(Recorded data)
- - - -

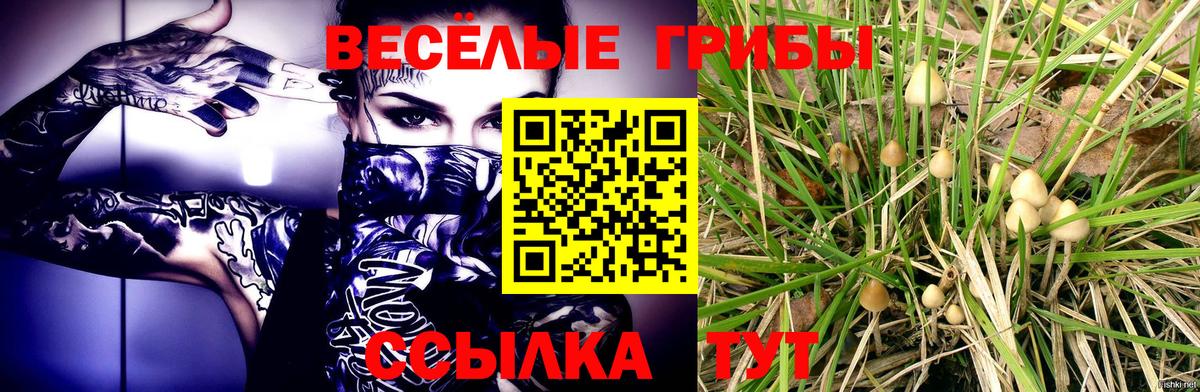 Псилоцибиновые грибы мухоморы Йошкар-Ола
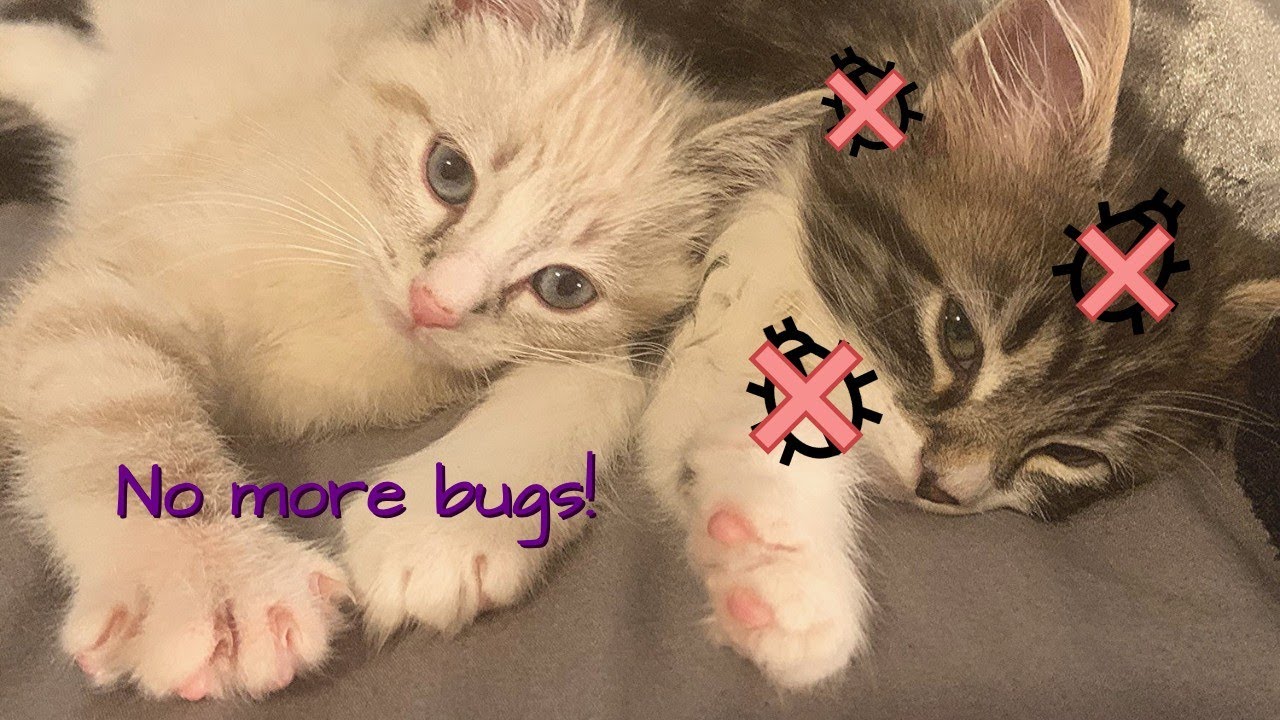 GETTING RID OF MY FOSTER KITTENS' FLEAS // How to Get Rid of Fleas on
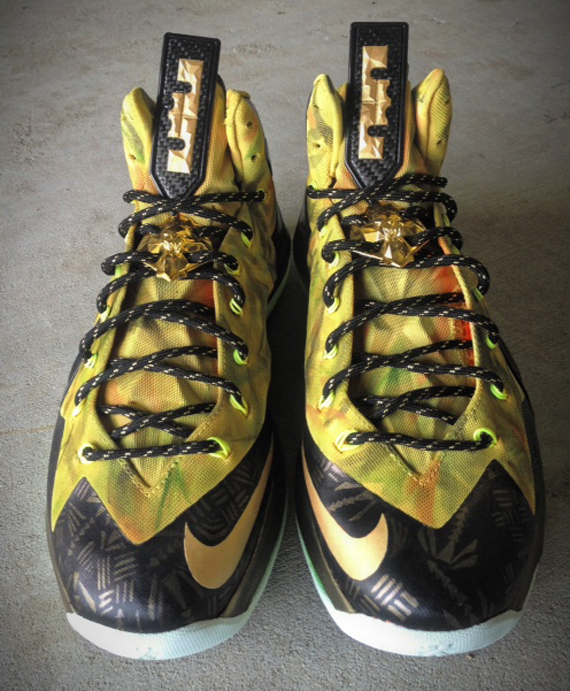 Nike LeBron X Elite 2 Time Champ Fusion by Mache Customs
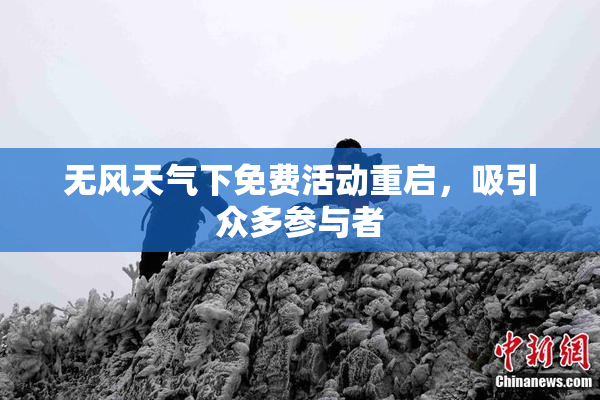 无风天气下免费活动重启，吸引众多参与者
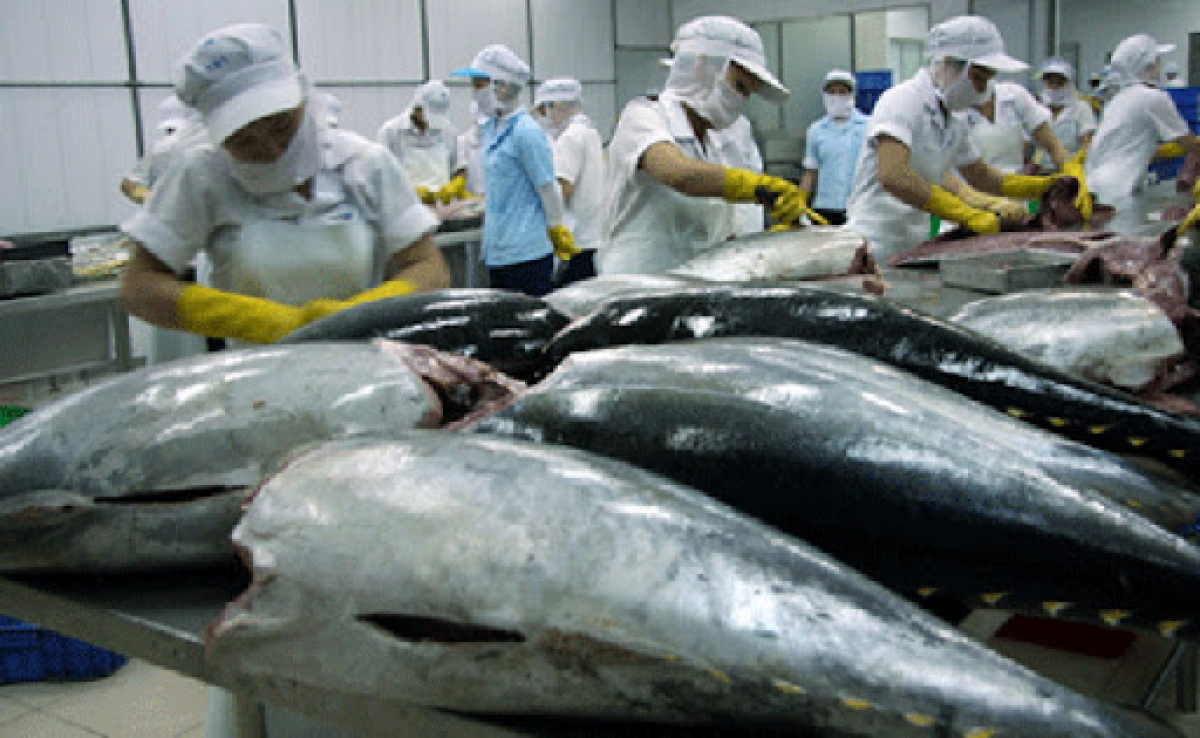 Tuna exports face difficulty in recovering after Covid pandemic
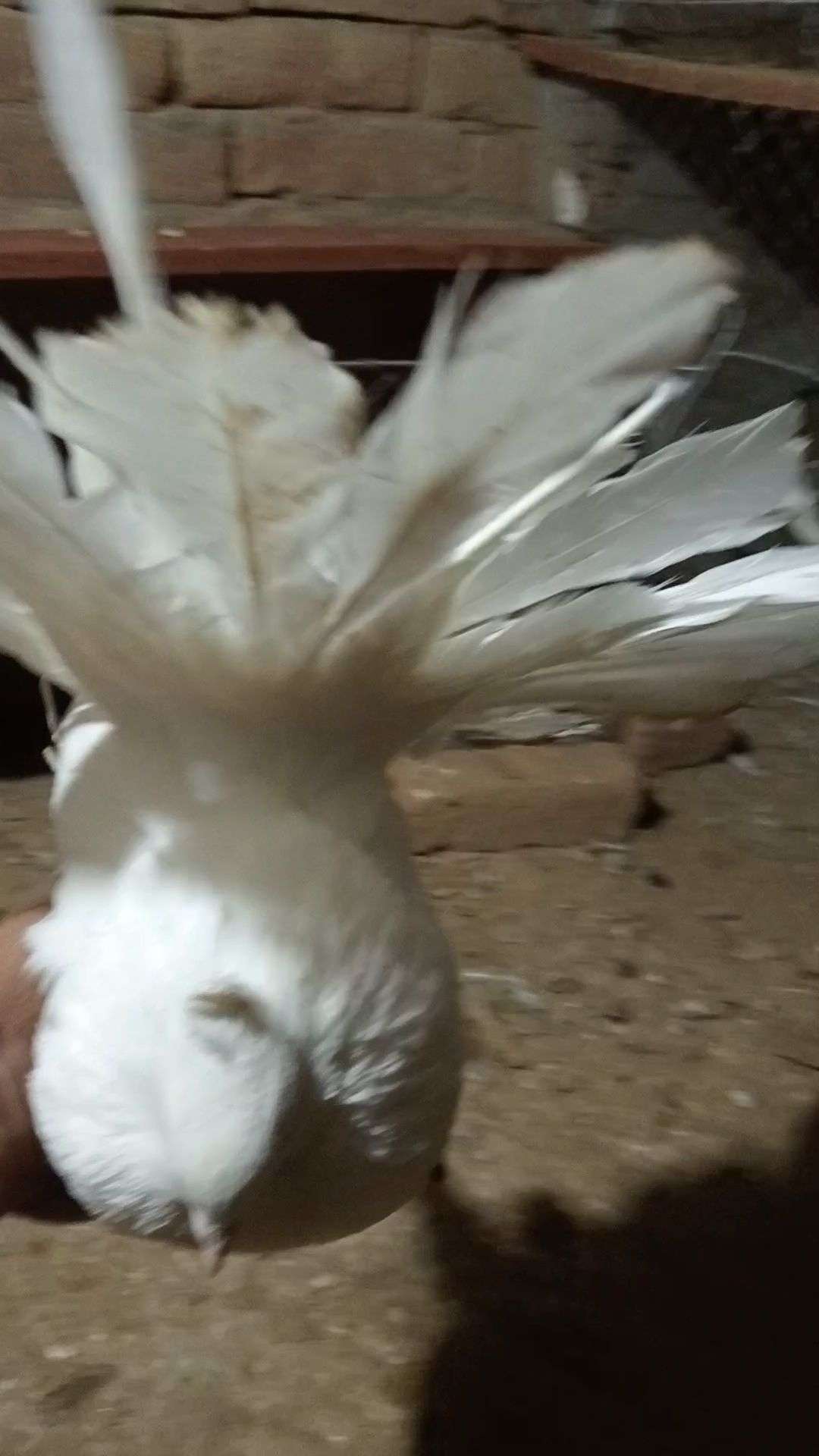 Ready to first breed Young American female for sale location burewala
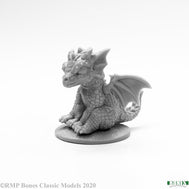 Scheming Rocky (77920)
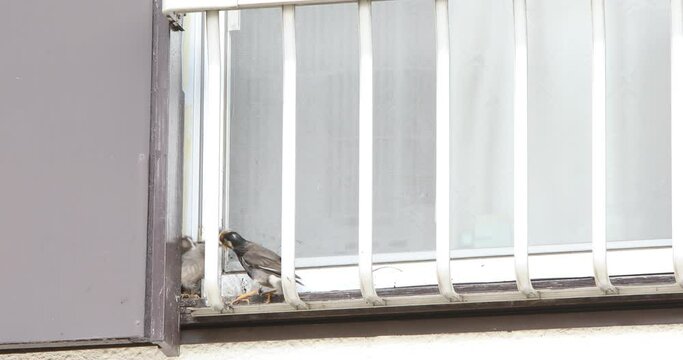 椋鳥の親子。民家の窓に付いている雨戸の戸袋に巣作り。親鳥が巣立ちを控えた幼鳥に給餌している様子。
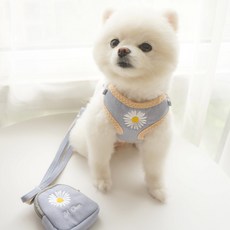 Dangamsyop小型犬雛菊胸背帶包組 S, 藍色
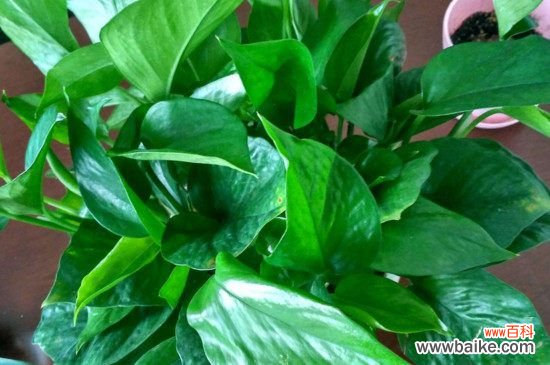 绿萝长得稀稀拉拉?教你一招绿萝轻松爆盆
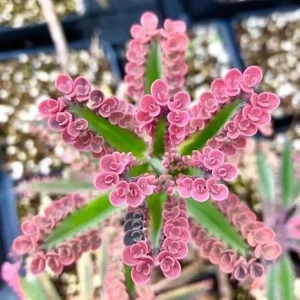 Pink Butterfly Kalanchoe Live Plants 2.5 Inch Pot - Pack of 3 Variegated Succulents - Image 3
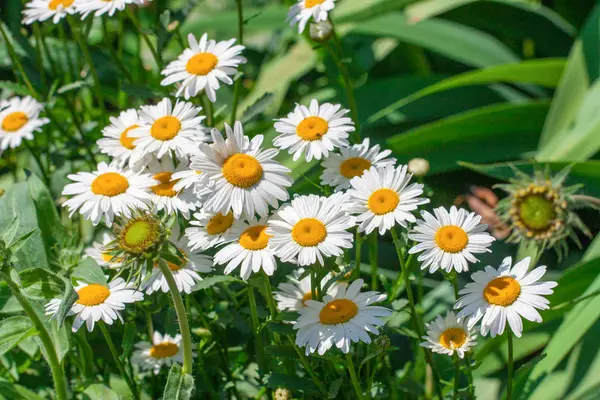 Blommande kamomillblommor på en äng i sommar. Bakgrund — Stockfoto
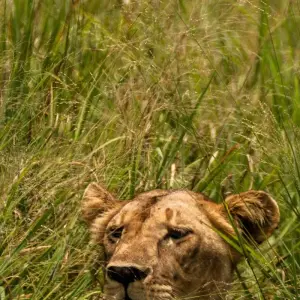 Explore From Arusha 3 Days Tanzanian Flamingo Safari, Tarangire to Magical Lake Natron for 3 days with Beach and Safari Holidays and discover unforgettable experiences - Photo 11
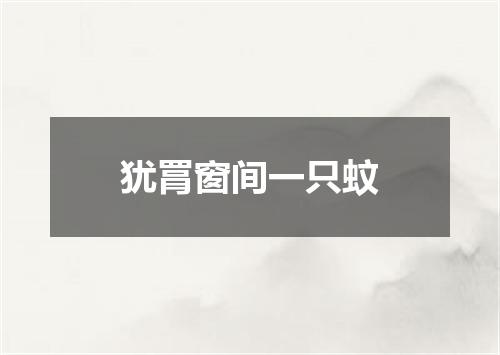 犹罥窗间一只蚊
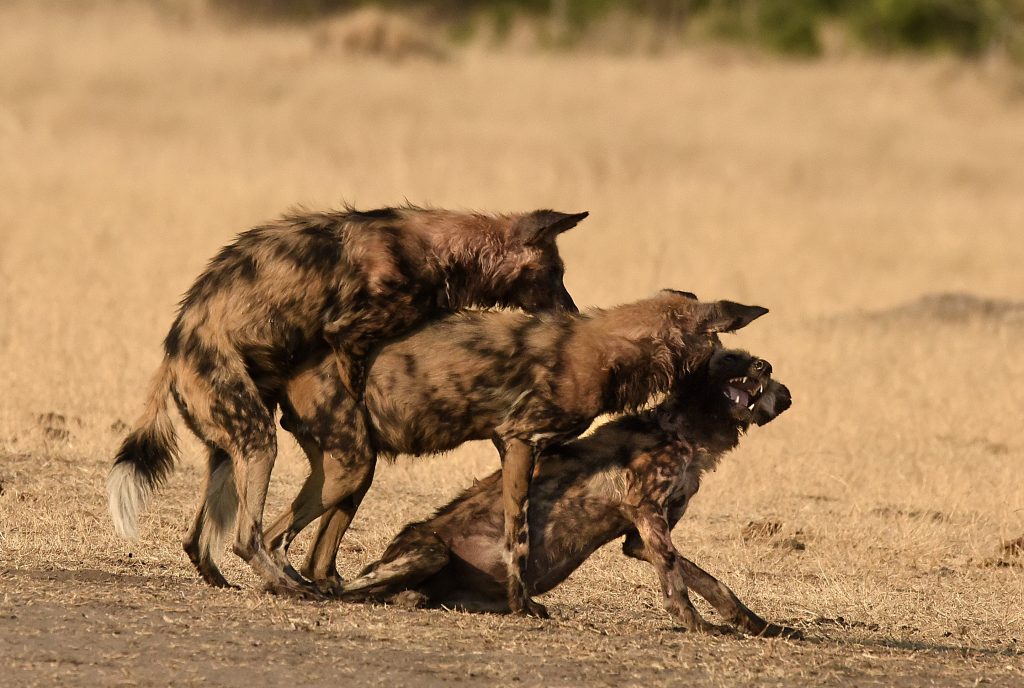 Собаки спариваются. Гиеновидная собака спаривается. Human mating. Wild mating.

- - - -

WHAT YOU SHOULD DO: Copy the final stretch of lines, starting at the one that holds "椋鳥の親子。民家の窓に付いて" and ending at the last line of the data, exactly; omit pictures.

RESULT:
 椋鳥の親子。民家の窓に付いている雨戸の戸袋に巣作り。親鳥が巣立ちを控えた幼鳥に給餌している様子。
 Dangamsyop小型犬雛菊胸背帶包組 S, 藍色
 绿萝长得稀稀拉拉?教你一招绿萝轻松爆盆
 Pink Butterfly Kalanchoe Live Plants 2.5 Inch Pot - Pack of 3 Variegated Succulents - Image 3
 Blommande kamomillblommor på en äng i sommar. Bakgrund — Stockfoto
 Explore From Arusha 3 Days Tanzanian Flamingo Safari, Tarangire to Magical Lake Natron for 3 days with Beach and Safari Holidays and discover unforgettable experiences - Photo 11
 犹罥窗间一只蚊
 Собаки спариваются. Гиеновидная собака спаривается. Human mating. Wild mating.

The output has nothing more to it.